5 Responses to "Oracle Purchase of Market2Lead Intellectual Property is “Less Than Meets the Eye”"

  • David Raab

    May 28, 2010

    Dave,
    Market2Lead is/was focused on serving large businesses, primarily through email and targeted Web messages. The anonymous visitor tracking is a very common feature among its class of vendors and was certainly not their major focus. I think this is a way for Oracle to fill a hole in its CRM product line and to enter a fast-growing segment. For more, see my blog comment
    http://customerexperiencematrix.blogspot.com/2010/05/oracle-buys-market2lead.html

  • Erich Flynn

    June 1, 2010

    Dave,
    I couldn’t agree more. I especially appreciated your comment regarding whether Oracle will make the investment and do the learning in this space to be successful. Viewing this move as anything other than assets picked up at a fire sale would be a mistake. If this acquisition were strategic, it would have to have obvious benefits for Oracle. It would have also warranted more than a 4-sentence press release with no press follow-up: http://www.oracle.com/market2lead/index.html. For more on my position see my blog at http://blog.treehousei.com/.

  • Kristin Hambelton

    June 2, 2010

    Hi Dave – Thanks for the mention of Neolane. Just a quick point of clarification – Neolane has been privately funded since its’ founding in 2001, with the exception of a small infusion of venture money (<$10M) that was used primarily as bridge financing to expand our rapidly growing business into the US. Neolane has not sourced any venture funds in more than 3 years; I think most would agree this does not “on boarding venture capital’ make. Furthermore, Neolane broke-even in 2004, continues to be founder-run, and is very proud of our track record of profitability for the past 5 consecutive years (link to: http://bit.ly/aGEFq3 ) that is accompanied by outstanding growth. We believe this success can be attributed to not only great customers, great products, great partners, great strategy, and great employees, but also to very wise and careful fiduciary responsibility and management. Thanks again for the mention and keep in touch. – Kristin Hambelton, Sr. Director of Marketing, Neolane

  • Dave Wieneke

    June 4, 2010

    Hi Kirstin, thanks for the great comment.
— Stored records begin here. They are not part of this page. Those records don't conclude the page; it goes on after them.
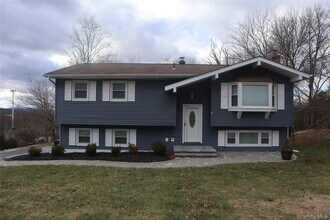 32 Poplar Dr in Monroe, NY - Building Photo - Building Photo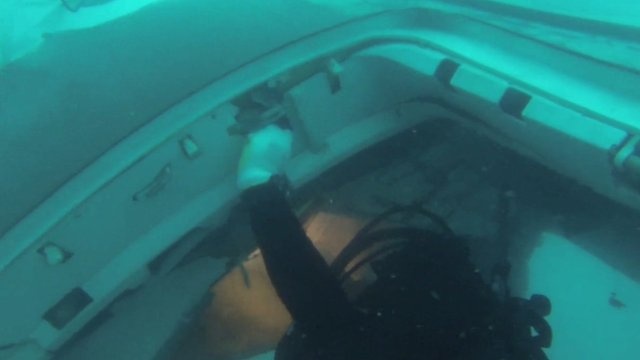 Tho lan kham pha xac may bay AirAsia duoi day bien hinh anh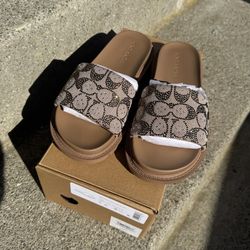 Coach- Brynn Signature Crystal Jacquard Slide Sandal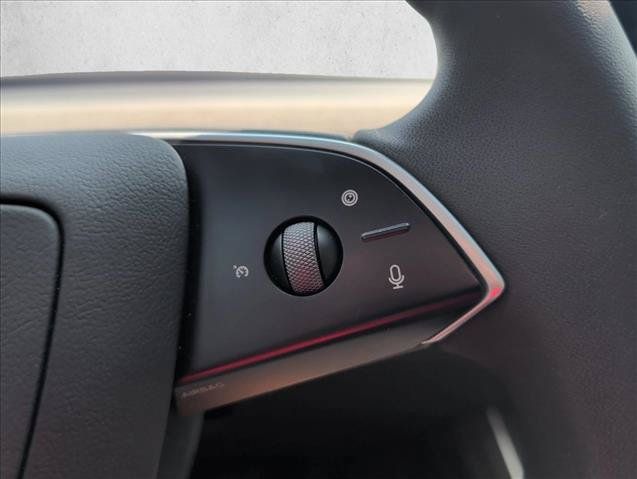 Used 2026 Tesla Model Y 2WD image 11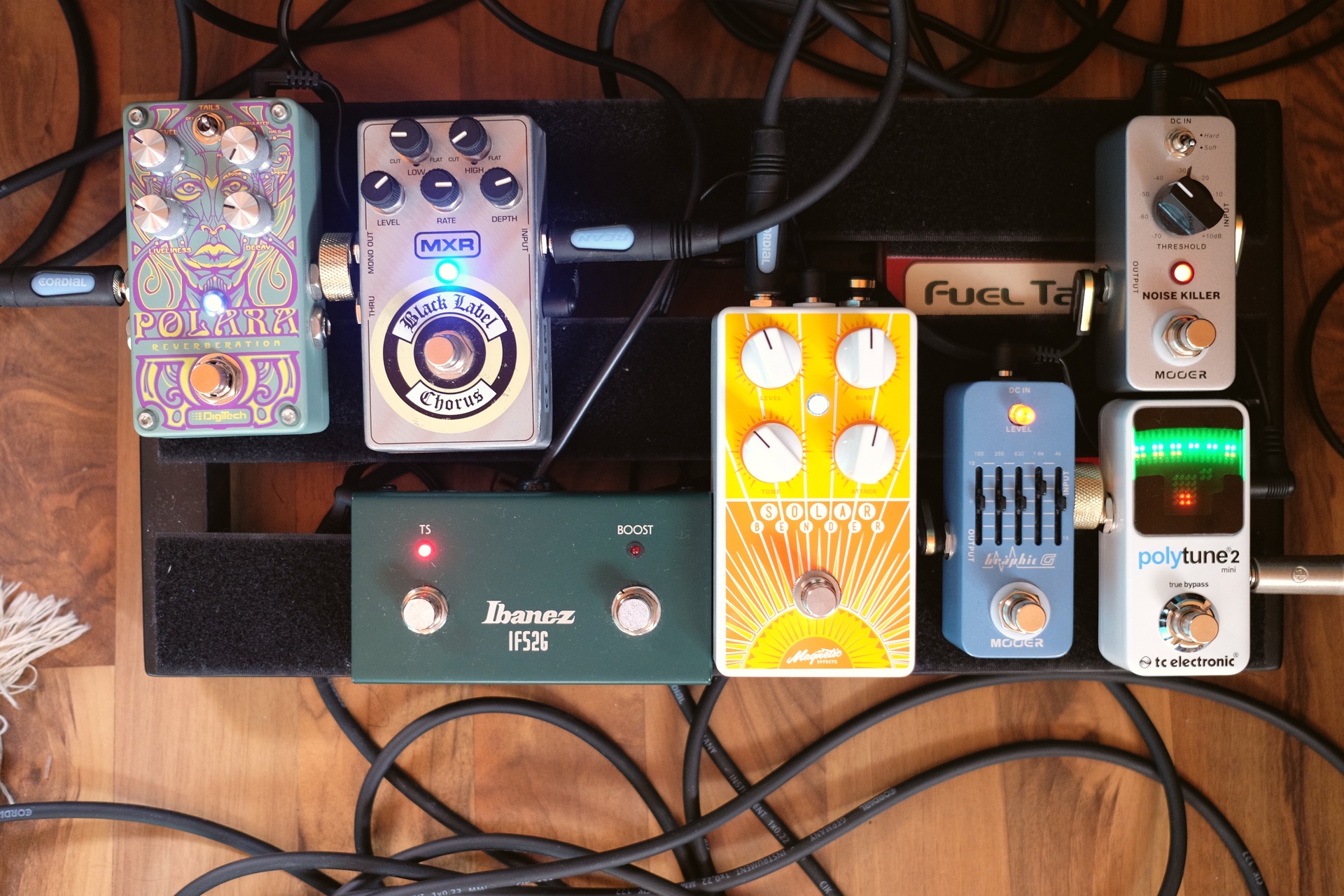 Mein-Pedalboard-2017-09-17.jpg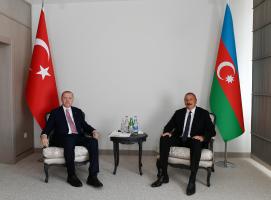 Встреча президентов Азербайджана и Турции один на один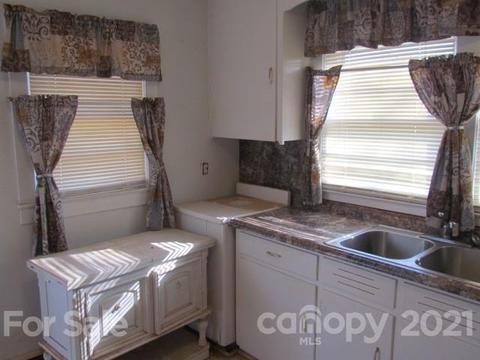 187 Emerald Ln, Hiddenite, NC 28636 photo 11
    You’re right, Neolane has built an incredibly broad offering w/very little outside investment — but to my mind the fact they’ve had external funding, though limited, is likely a plus.

    When I see new players entering the space who have no plan to take funding, such as SiteCore (a CMS), I look at the development and marketing hill in front of them — and don’t see them competing with well funded competitors because there’s a huge growth curve. Neolane is well up the curve, and the did it with little outside juice.

    Stuff like having CAPTCHA as a standard form field is the kind of “little” feature that helps put Neoloane clients ahead.

    All the best,
    Dave

  • Mark Hilger

    November 1, 2010

    As a customer of Oracle CRM Ondemand I thought I would share with you guys that Marketi2Lead functionality is being released this fall in release 18. I am not sure what this means of course Oracle makes it look sexy as heck on their promotional videos so we will see.